Çelik, sözlerine şu şekilde devam etti; “Bir üreticinin Avrupa Birliği'nin ön gördüğü şekilde bütün tarım uygulamalarını yapması halinde bile maalesef kaliteli bir ürünü değirmenden hemen alabilecek durumda değildir. Bunun da iki nedeni var birincisi, şu anda 5 tane şişeleyicimizin toplam depolama kapasitesinin 150 ton civarında olması ve bununla bağlı olarak çıkarılan zeytinyağının büyük bir oranının değirmende işlendikten sonra, üreticinin sarı bidonlarına koyarak evlerinde muhafaza etmeye çalışmasıdır. Bunu yaparken de üretici doğru olmayan ve ideal olmaya şartlarda muhafaza etmeye çalışıyor.”

“Merkezi depolama ve alım sistemi devreye girmeli”

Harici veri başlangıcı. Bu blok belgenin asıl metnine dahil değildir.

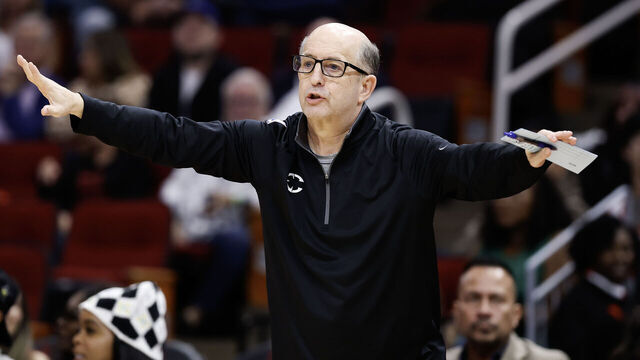 HOUSTON, TEXAS - FEBRUARY 10: Assistant coach Jeff Van Gundy directs players against the Houston Rockets during the second half at Toyota Center on February 10, 2026 in Houston, Texas.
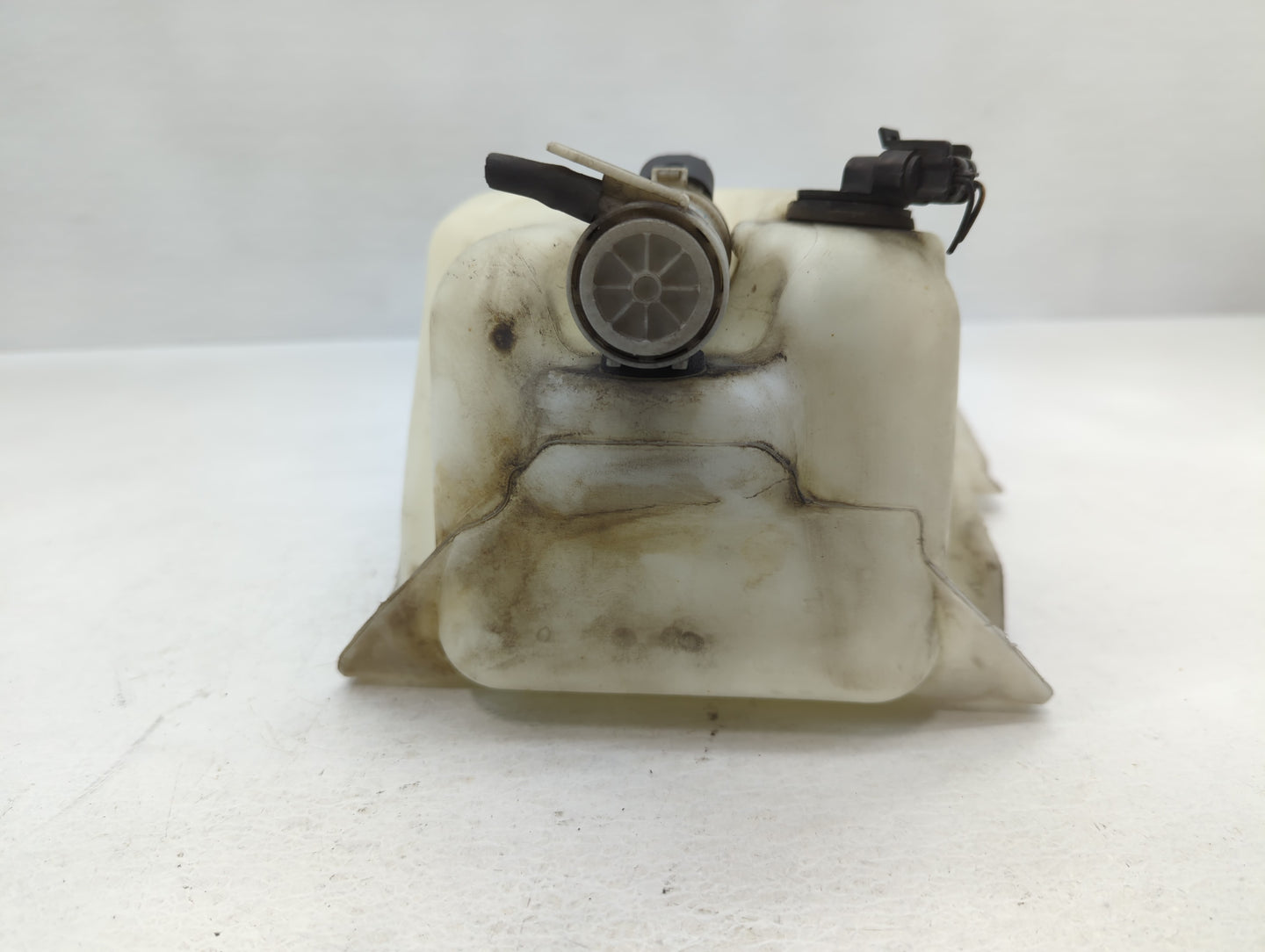 2004-2008 Chevrolet Malibu Windshield Washer Fluid Reservoir Bottle Oem - Oemusedautoparts1.com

Zeytinyağının 3 düşmanı olduğuna dikkat çeken Çelik, “Işık, ısı ve hava zeytinyağının düşmanlarıdır. Dolayısıyla zeytinyağının sağlığımıza yarar sağlayan antioksidanları içinde tutabilmesi için paslanmaz çelik kaplarda veya koyu cam kavanozlarda ışıktan, ısıdan ve havadan koruyacak şekilde muhafaza edilmesi gerekiyor. Daha önemli bir kriterimiz ise Uluslararası Zeytin Konseyi’nin depolamak için öngördüğü ideal ısı 15 dereceyi geçmemesi şeklindedir. Kısacası ısı 7 ve 15 derece arasında olmalıdır. Ama bu dereceleri normal ev şartlarında oluşturabilmemiz mümkün değildir. Burada kalıcı çözüm merkezi depolama ve merkezi alım sisteminin devreye girmesidir. Kalite kriterlerini karşılayan zeytinyağlarının üreticiden değirmende satın alınması gerekmektedir ve başlangıçta 15 milyon TL’lik bir fona ihtiyaç vardır. Bu ise bir defalık ayrılacak bir fondur. Daha sonrası döner sermaye olarak kendi kendini yönetebilecektir” şeklinde konuştu.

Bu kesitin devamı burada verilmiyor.